The way they approached me was unacceptable... make that disgraceful. At that point, I made a personal promise to myself that I will refuse to acknowledge this 'Corrupt Court System' handling the case, and do things my way, regardless of the consequences (which is what you're reading now).
(Q) Why did I react (or lack there of) the way I did?
(A) As mentioned; their refusal to obey their own laws, to say the least.
(WHY-?) My dignity and belief in an honest system, which currently does not exist.
(Q) Has it ruined my life?
(A) To this point; I'd be lying if I said it hasn't affected me.
(WHY-?) Let's just say, it gets involved.
(Q) Do I feel justified in handling things the way I did?
(A) I wouldn't have done so if I felt any different.
(WHY-?) It is what it is.
(Q) Do I think I'll have to do jail time?
(A) Not really...but they're well aware that whatever they must do, I'm ready.
(WHY-?) I was so disgusted that I never really cared if I must serve time or not. I went so far as to let them know I am within (5) minutes of the Suffolk County, NY, Sheriff HQ... so come and get me. I was, and still am, trying to make a point. I also doubt that this particular case of corruption wants to spend any money to go to that extreme. I think this is one of those cases in which they'll try and keep things under the radar. They're going to get their money, one way or another. Whether it be from any 'Federal Tax Returns', garnishing my paycheck (which they've been unable to do, thus far, due to unemployment), any future 'Social Security... oh, and not to mention their cut from the Federal Government. Yes, they will get their money. They know it. I know it. So they'll just keep sending me the "this is what you owe us" or those infamous "start paying us or else" letters every so often.

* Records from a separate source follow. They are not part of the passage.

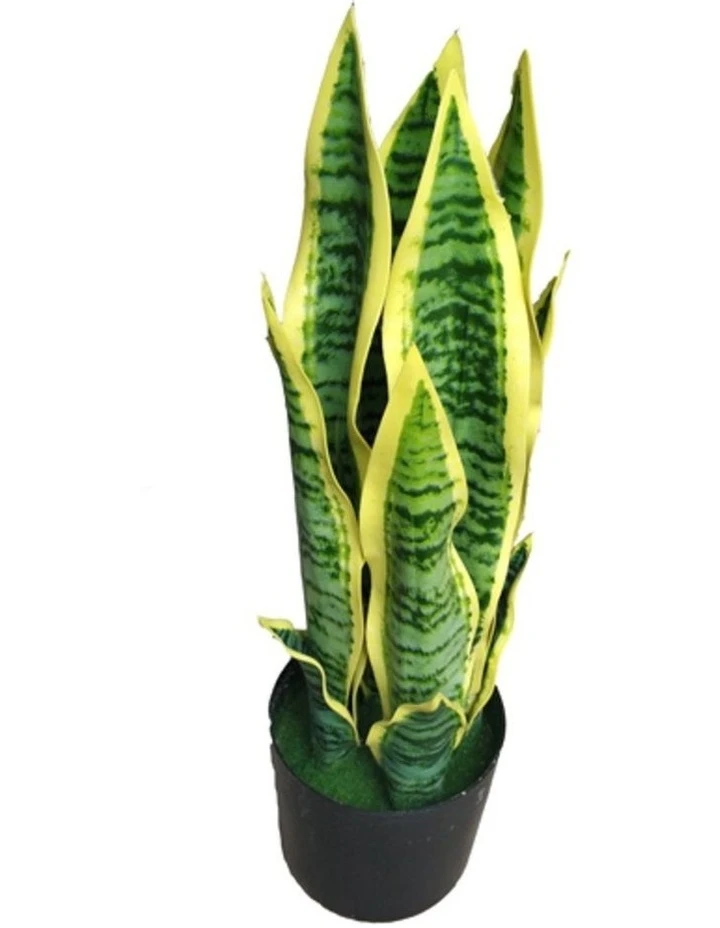 Wholesale β Cooper & Co 65Cm Tall Potted Artificial Mother In Law Tongue π₯ 1 Wholesale β Cooper & Co 65Cm Tall Potted Artificial Mother In Law Tongue π₯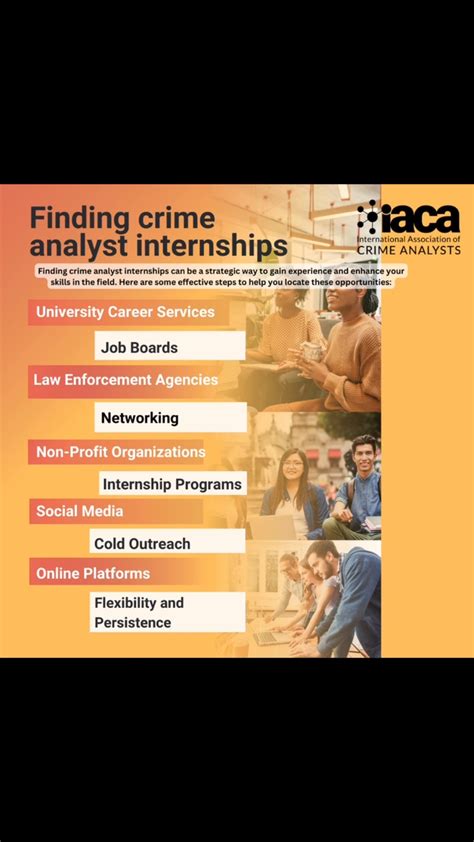 Criminal Analyst Internships: A Window into the Thrilling World of Crime Solving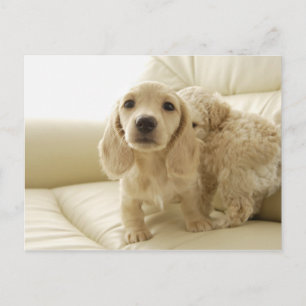 Dogs Postcard
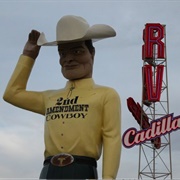 Second Amendment Cowboy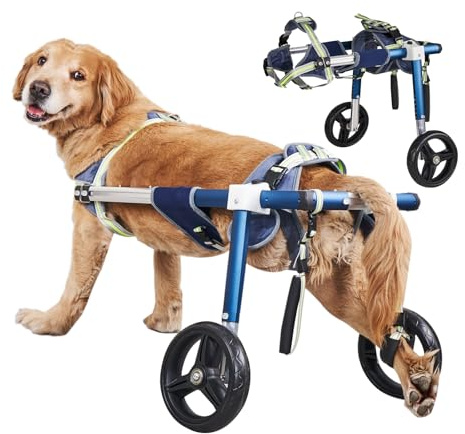 YURUX Adjustable Dog Wheelchair for Back Legs,Dog Cart for Medium/Large Dogs 13-30in Long, 35-88 lbs Disabled or Injured,Aerospace Aluminum, Anti-Slip Wheels (L)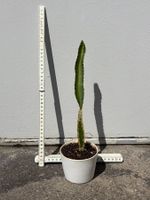 Drachenfrucht-Pflanzen, (rotfleischige Drachenfrucht)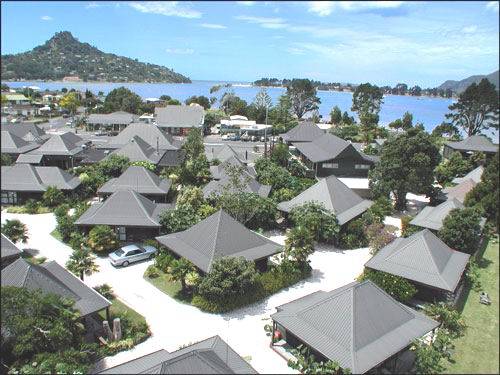 Isola del Nord 4: da Auckland a Wellington in 5 giorni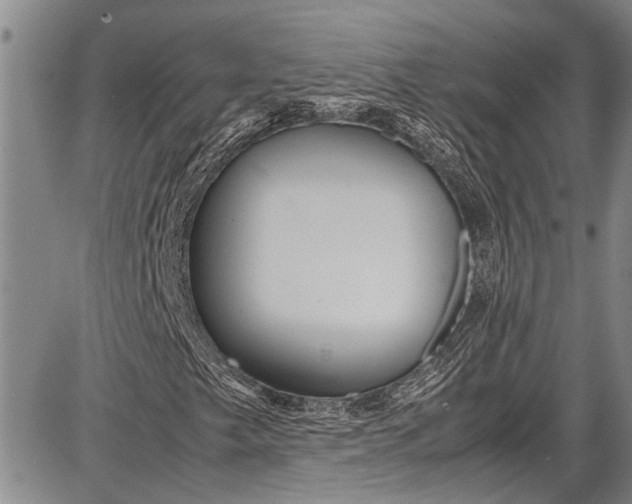 X0000087641249200705181517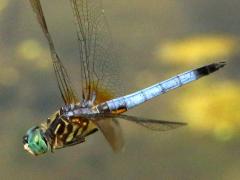 (Blue Dasher) male flying (Blue Dasher) male flying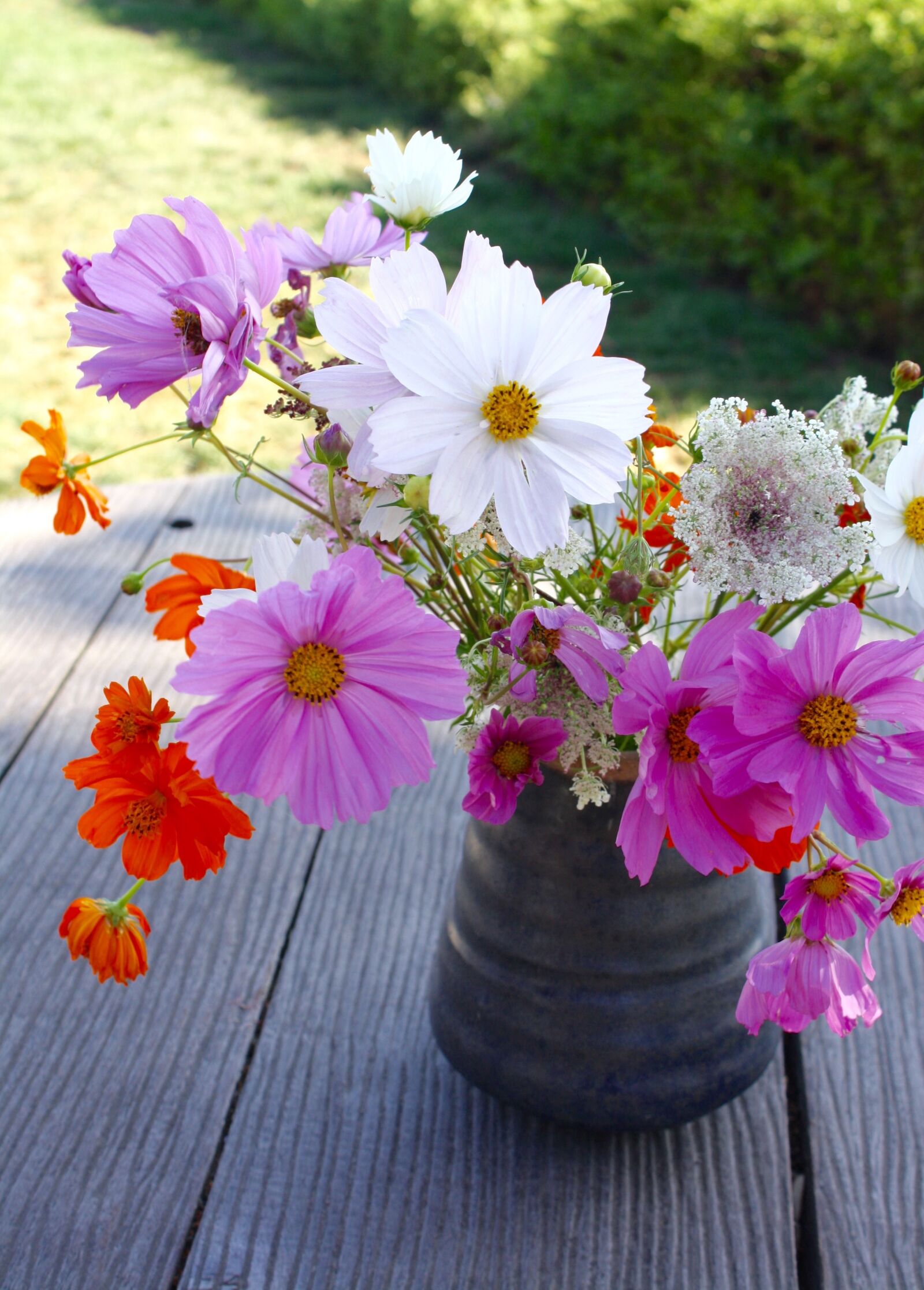 Canon EOS 1000D (EOS Digital Rebel XS / EOS Kiss F) sample photo. Flower, nature, floral photography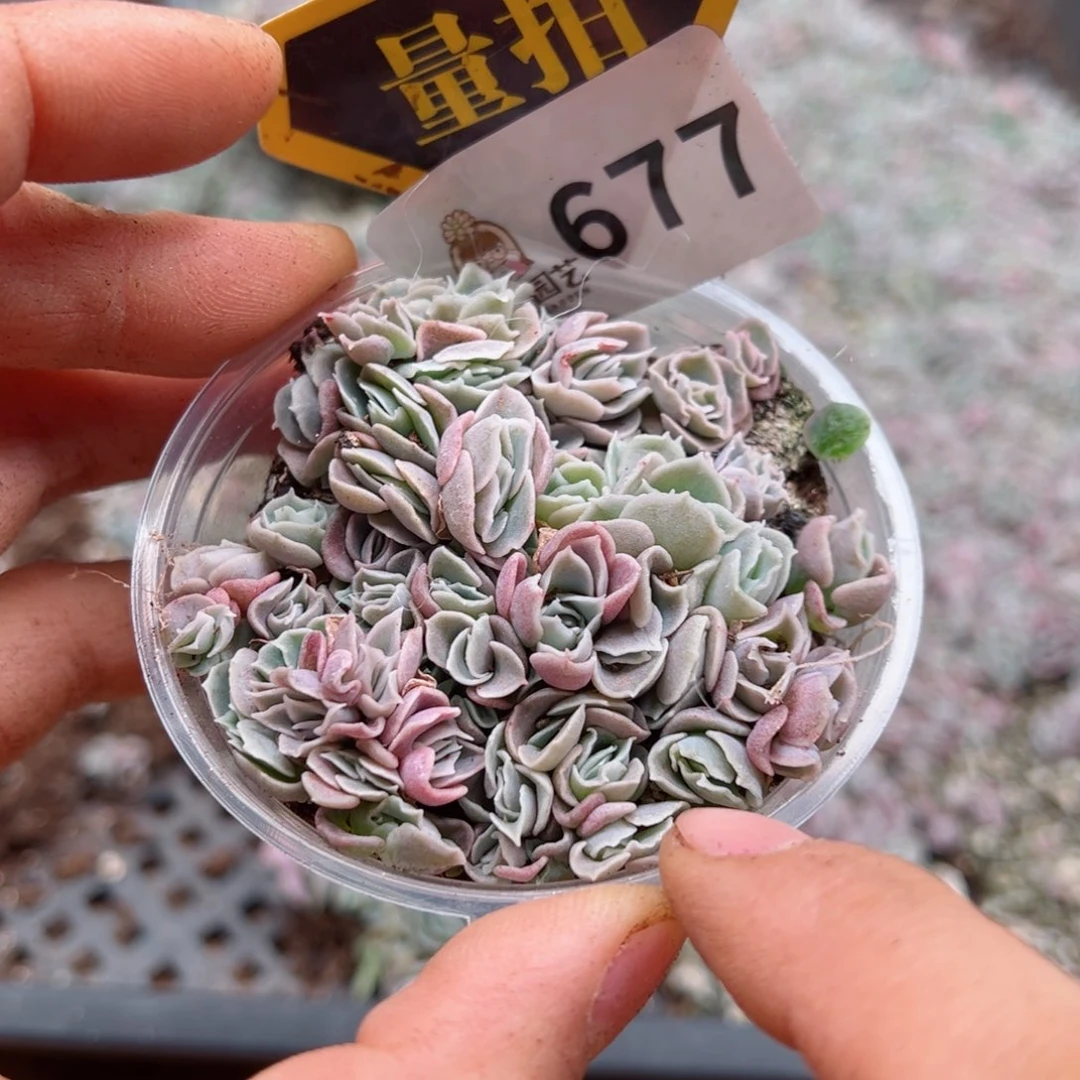 多肉植物多肉植物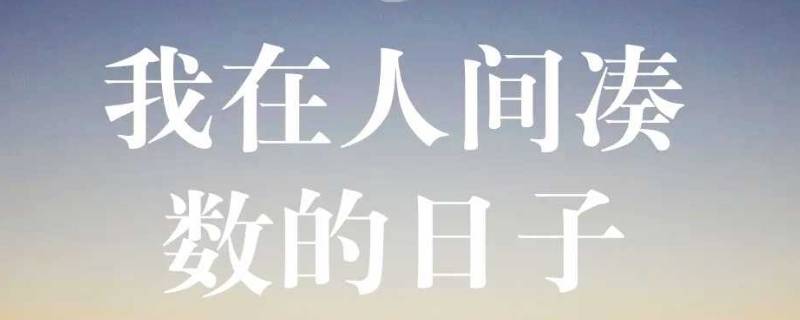 故事的开头极具温柔是谁说的（故事的开头都是温柔的）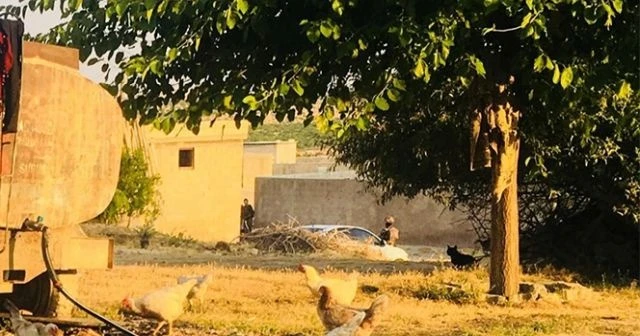 Şanlıurfa&#039;da terör operasyonu: 9 gözaltı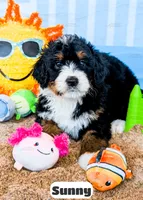 Sunny, a female Bernedoodle for sale in Lima, OH – 1 of 2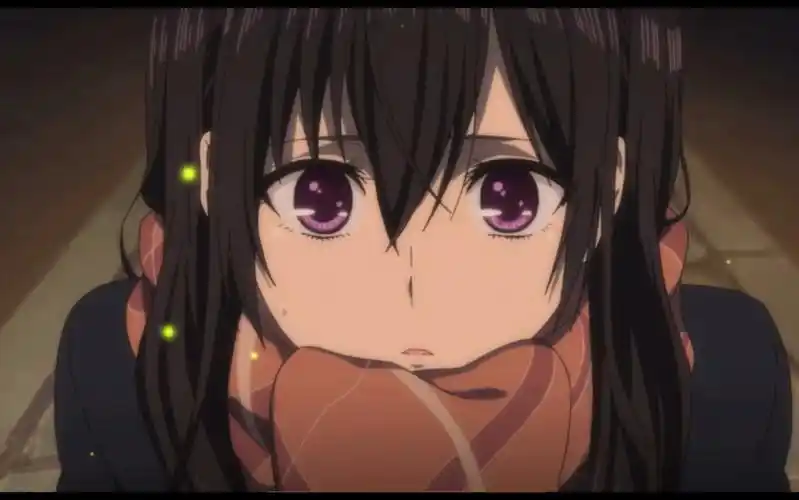 这份感情绝对不会辜负你."citrus柑橘味香气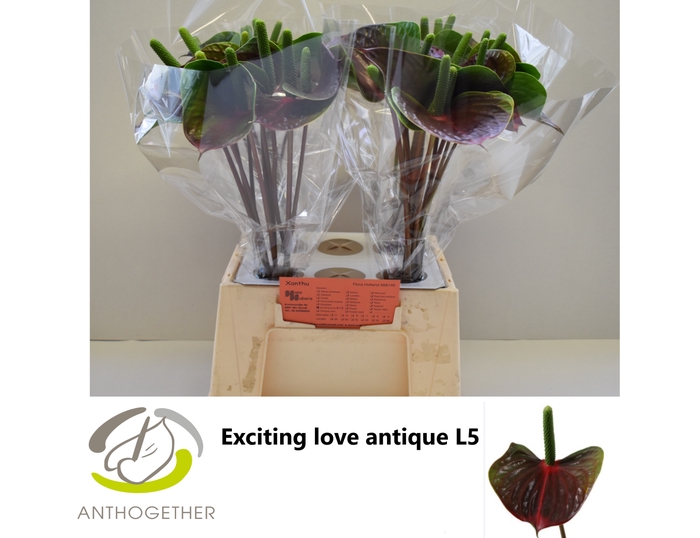 <h4>ANTH A EXC. L. ANTIQUE 40</h4>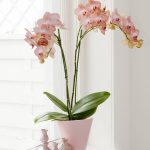 фото Орхидеи в интерьере 28.11.2018 №019 - photo Orchids in the interior - design-foto.ru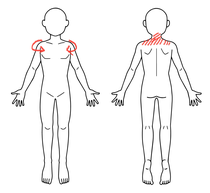K•T様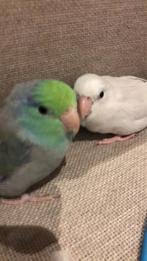 2 lieve mannelijke forpussen, Dieren en Toebehoren, Mannelijk, Dwergpapegaai of Agapornis, Tam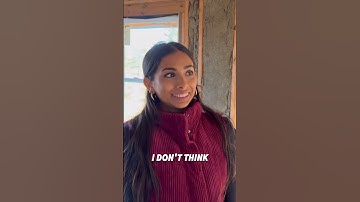 1500 Days Of Building A Treehouse To Live In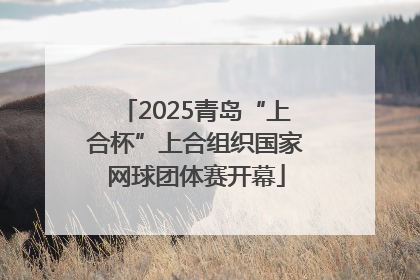2025青岛“上合杯”上合组织国家网球团体赛开幕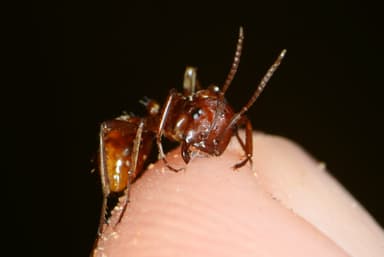 Polyergus rufescens — worker photo 46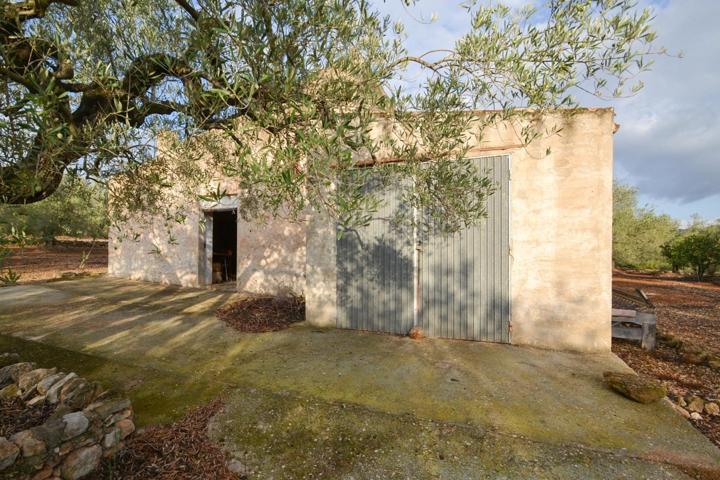 ​Finca rústica en El Perelló photo 0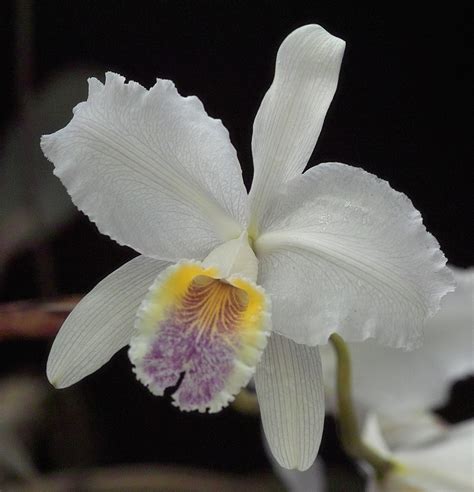 Cattleya Lueddemanniana Coerulea Miguels Orchids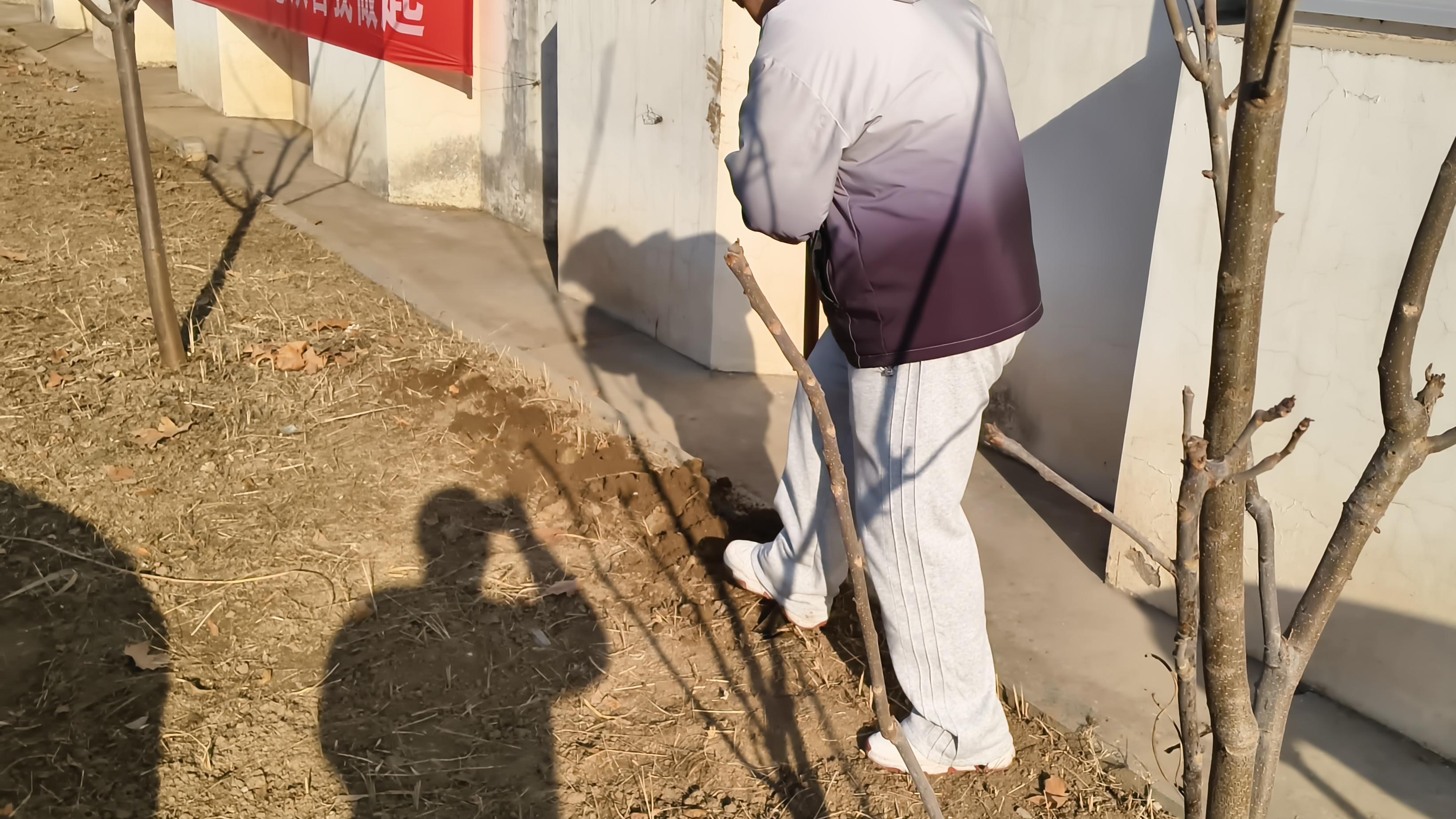 渤海钻探钻井公司组织开展植树活动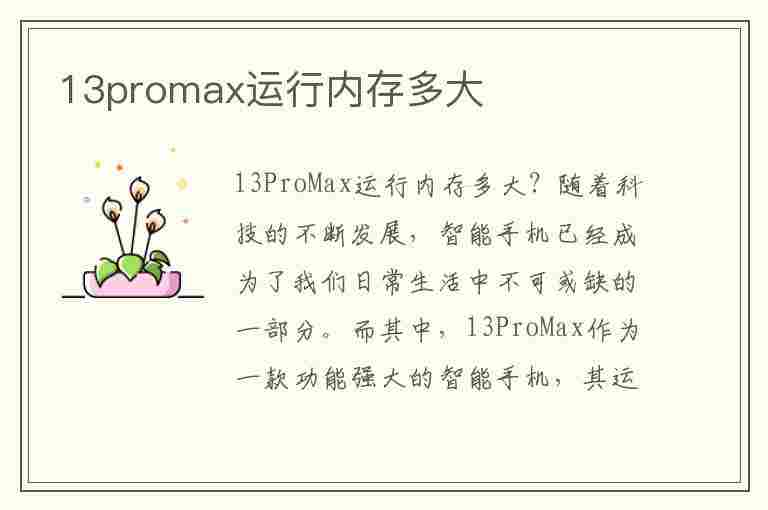 13promax运行内存多大(苹果13promax运行内存多大)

(Q) Will I stop giving them a piece of my mind?
(A) When hell freezes over.
(WHY-?) Because they're all scum, hiding behind a money making (legal/illegal) system/machine.
At least I know I might have a son. It's better then never knowing at all (which could have easily happened if 'Momma' or the 'Corrupt Court System of Texas' weren't looking for money). Who knows...I might even get to actually talk to or possibly meet him someday, if he is indeed my son that is. Time will tell. That is the one thing that keeps me going.
Until that time comes, however, I have no choice but to continue being a thorn (make that a RR Spike) in the side of this corruption as best I can. I might not have much; but I have my dignity. They've been trying their best to take that away from me, but it will never happen. That is my guarantee to them.